On January 1, 1892, Annie Moore, a teenager from County Cork, Ireland, was the first immigrant processed at Ellis Island. She had made the nearly two-week journey across the Atlantic Ocean in steerage with her two younger brothers. Annie later raised a family on New York City’s Lower East Side.

 

Immigration in the Mid-Nineteenth Century (1815 to 1865)

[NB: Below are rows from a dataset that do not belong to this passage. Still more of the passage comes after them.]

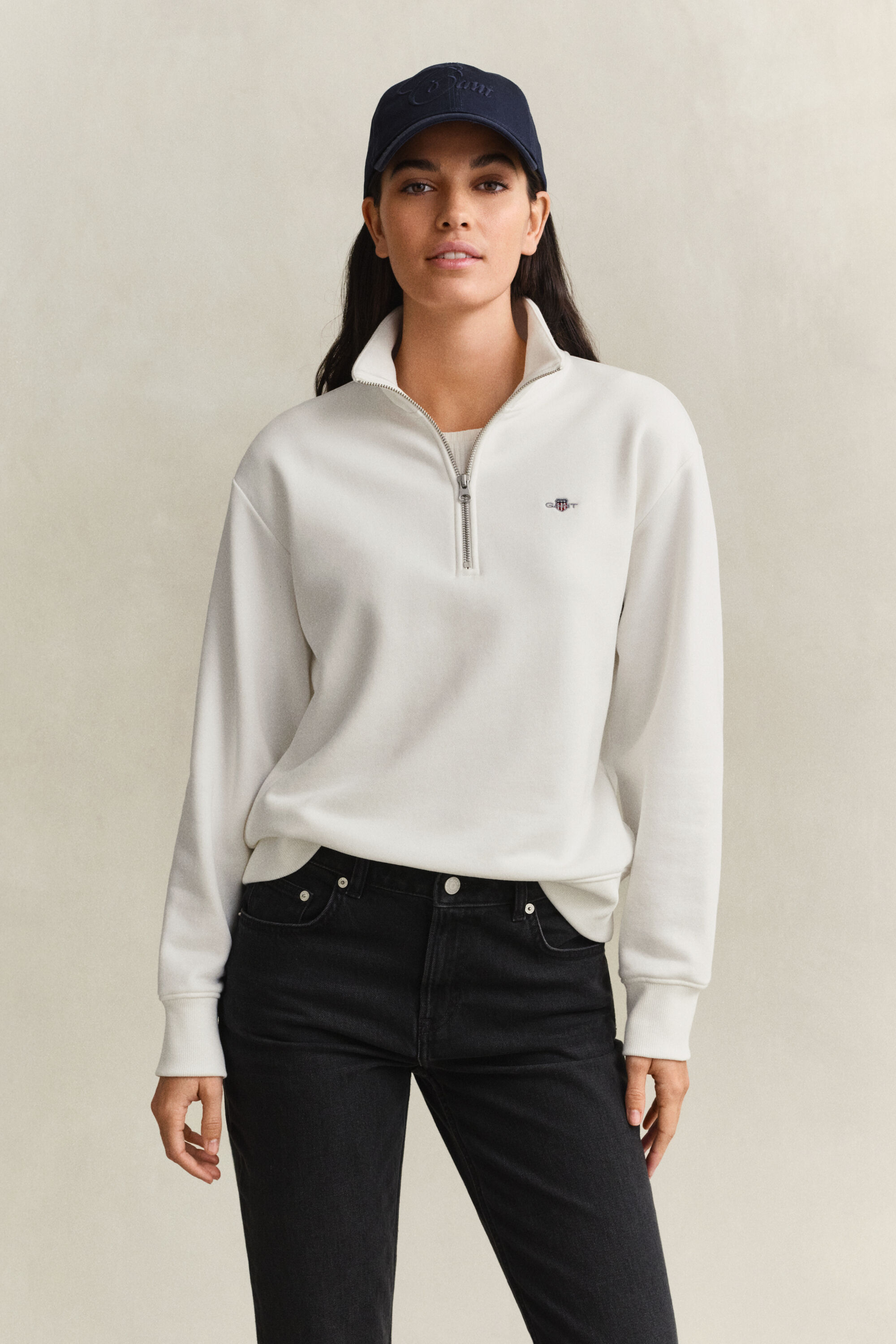 Shield Sweatshirt mit Reißverschlusskragen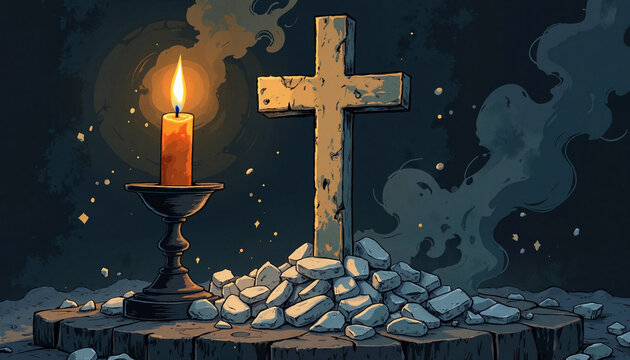 Candle illuminating stone cross with ashes, gothic symbolism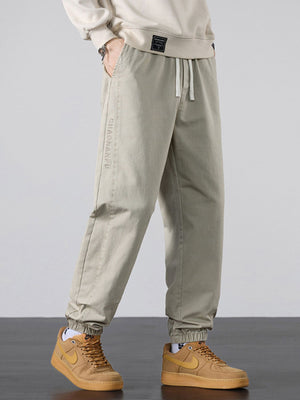 joggers in Army Green with drawstring waist and full-length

Most immigrants came from Northern and Western Europe. Approximately one-third came from Ireland, which experienced a massive famine in the mid-19th century. In the 1840s, almost half of America’s immigrants were from Ireland alone. Between 1820 and 1930, some 4.5 million Irish emigrated to the United States.The United States have about 5 million German immigrants who wish to buy farms or congregated in such cities as Milwaukee, St. Louis and Cincinnati. In that time period, a significant number of Asian immigrants settled in the United States because of the California gold rush. The newcomers were first welcomed, but soon be seen as job competitors and have their religious freedom discriminated during the Great Depression.

 

ELLIS ISLAND AND FEDERAL IMMIGRATION REGULATION

One of the most significant federal legislation act to restrict incoming immigrants was the Chinese Exclusion Act of 1882. It banned Chinese laborers from coming to America because Californians blamed the Chinese for their declining wages since Chinese workers were able to take minimum wages. More acts were passed to decrease the number of immigrants.

 

In 1890, President Benjamin Harrison (1833-1901) designated Ellis Island as a federal immigration station. More than 12 million immigrants entered the United States through Ellis Island during its years of operation from 1892 to 1954.

 

EUROPEAN IMMIGRATION (1880-1920)

In a time of rapid industrialization and urbanization, many Europeans came to the U.S. For example, about 600,000 Italians migrated to America, and by 1920 more than 4 million had entered the United States. Jews from Eastern Europe fleeing religious persecution also arrived in large numbers; over 2 million entered the United States between 1880 and 1920. However, the outbreak of World War I (1914-1918) caused a decline in immigration. In 1917, Congress enacted legislation requiring immigrants over 16 to pass a literacy test, and in the early 1920s immigration quotas were established. The Immigration Act of 1924 created a quota system that restricted entry to 2 percent of the total number of people of each nationality in America as of the 1890 national census–a system that favored immigrants from Western Europe–and prohibited immigrants from Asia.

 

THE IMMIGRATION AND NATIONALITY ACT OF 1965

Immigration plummeted during the global depression of the 1930s and World War II (1939-1945). Between 1930 and 1950, America’s foreign-born population decreased from 14.2 to 10.3 million, or from 11.6 to 6.9 percent of the total population, according to the U.S. Census Bureau. After the war, Congress passed special legislation enabling refugees from Europe and the Soviet Union to enter the United States. Following the communist revolution in Cuba in 1959, hundreds of thousands of refugees from that island nation also gained admittance to the United States.


In 1965, Congress passed the Immigration and Nationality Act, which did away with quotas based on nationality and allowed Americans to sponsor relatives from their countries of origin. As a result of this act and subsequent legislation, the nation experienced a shift in immigration patterns. Today, the majority of U.S. immigrants come from Asia and Latin America rather than Europe.